During the months leading up to the midterm election last week, information on how to get registered to vote and what to bring to your polling place on election day dominated our Twitter feeds and email inboxes. Chances are, whether you heard it from your best friend or from Taylor Swift, someone in your life emphasized the importance of exercising your right to vote on Nov. 6.

Despite nationwide efforts encouraging political participation among groups with historically lower voter turnout, like minorities and young people, not everyone’s voice was heard on election day. One contributing factor may have been inconsistent voting laws.

Since voting laws are created by the states, where you live within the U.S. dictates how easy it is for you to cast your vote. For example, you can vote early in Illinois, but not in Alabama. In Florida, you can cast an absentee ballot without providing justification, but in Alabama, you have to provide the absentee election manager with an excuse that precludes you from voting at your regular polling place on election day. Requiring justification for absentee ballots is one subtle way officials in Alabama, like those in other states with strict voting laws, are able to engage in voter suppression.  

This requirement makes requesting an absentee ballot a more tedious process, and it may discourage some would-be voters from applying for a ballot. Another factor to consider is that when you give elections officials the ability to make judgement calls regarding the authenticity of an absentee ballot application, there is always the possibility of racial or political biases, whether subconscious or overt, impacting the outcome.
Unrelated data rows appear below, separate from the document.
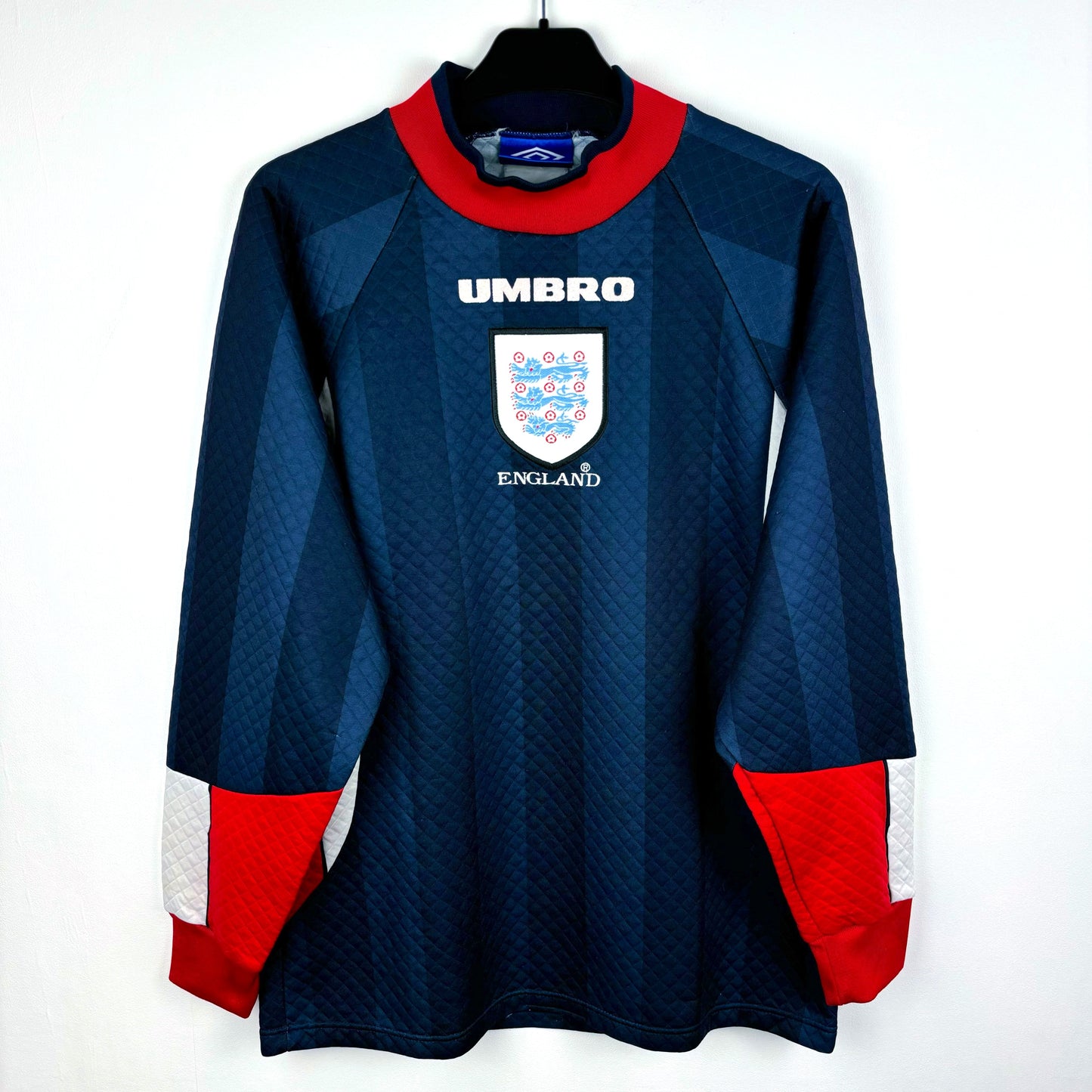 England 1997-1998 goalkeeper classic football shirt made by Umbro. Dual navy body with red collar and tipped sleeves. Worn during 1998 World Cup.
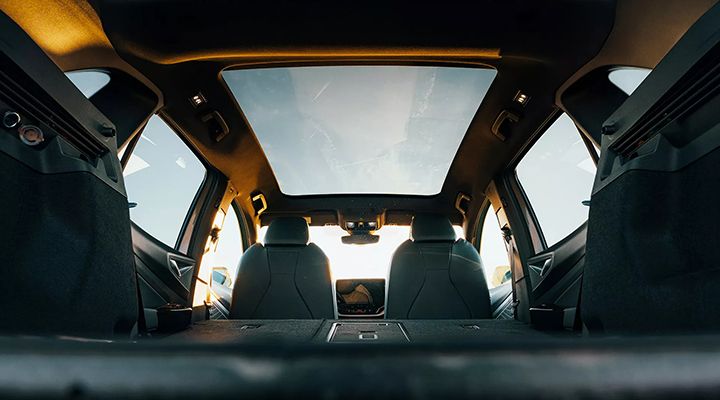 Vue de l'intérieur arrière d'un Volkswagen ID.4 montrant le toit en verre panoramique sous un ciel ensoleillé.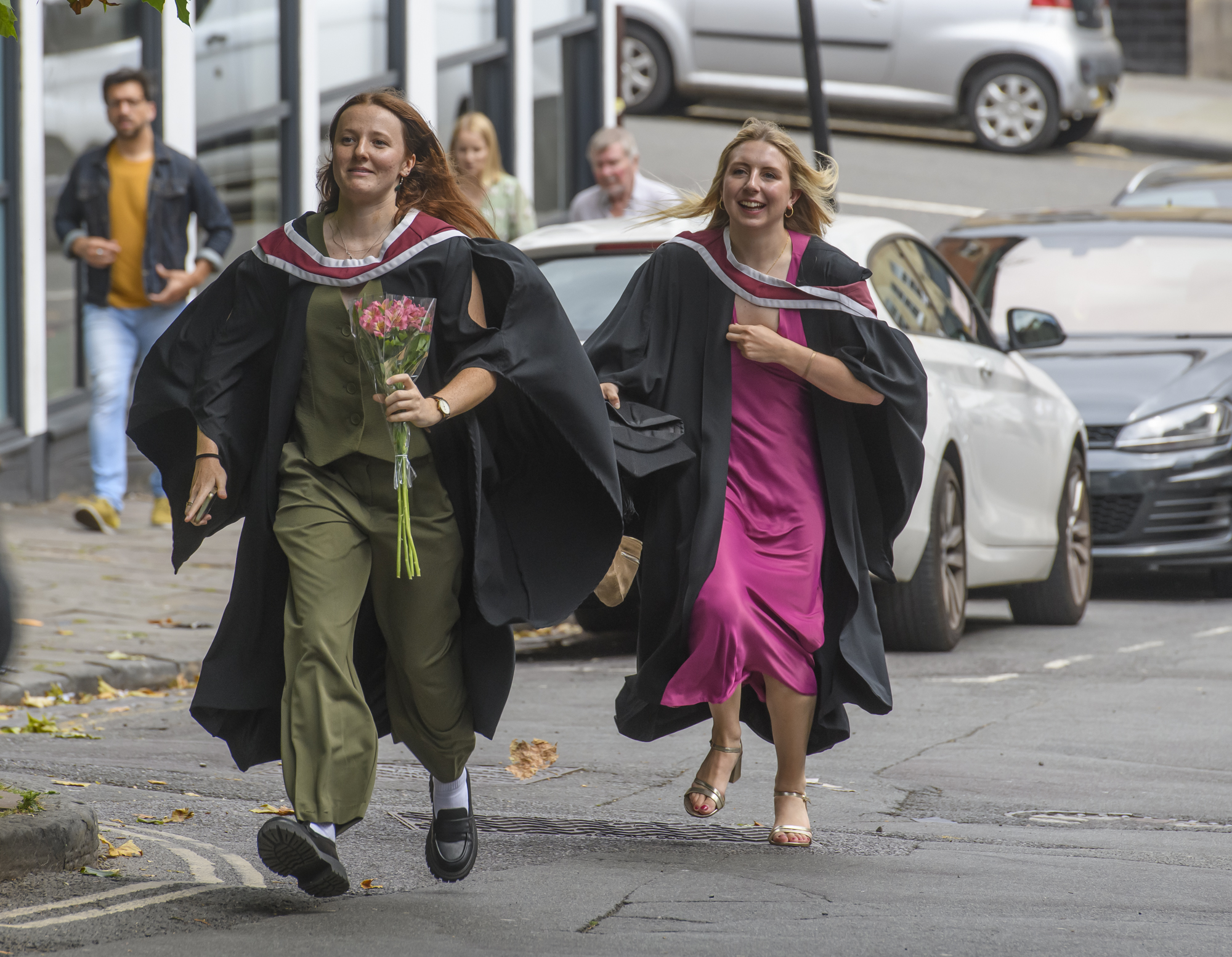 Newly graduated doctors in streets of Bristol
Given that the applicant is understandably required to provide their address and, depending on the election, their political party affiliation, it’s not hard to imagine that the absentee election manager could have their judgment clouded by their personal feelings about different political and demographic groups.

The reality is if every state in the country wrote voting laws with the intention of giving as many people as possible access to the vote, or if voting laws were national, absentee and early voting would exist in all 50 states, and the debate over whether or not we can trust an elections manager to do their job with integrity would not even exist.

National voting laws would minimize confusion among citizens about when, where and how to vote and would resultantly create a consistent and fair environment for the majority of U.S. citizens. Voting should not be a stressful or complicated endeavor; it should be a process with which average citizens with average levels of political literacy and legal knowledge feel comfortable.

While apathy may have played a role in some UA students not voting, it’s also likely that confusion over how to get registered in Alabama, difficulty casting or receiving an absentee ballot at the University and feelings of confusion and frustration with current voting laws also functioned to inhibit voter turnout in the UA community.

We need national voting laws that simplify the processes of voting and registering to vote, so that more Americans feel empowered to cast their vote in every election. Where you live in he country should not be the deciding factor in whether or not you’ll be allowed to vote early or cast an absentee ballot. All Americans deserve a voting process that is straightforward and uncomplicated, and as long as we have state voting laws with varying levels of restrictiveness, this cannot be achieved.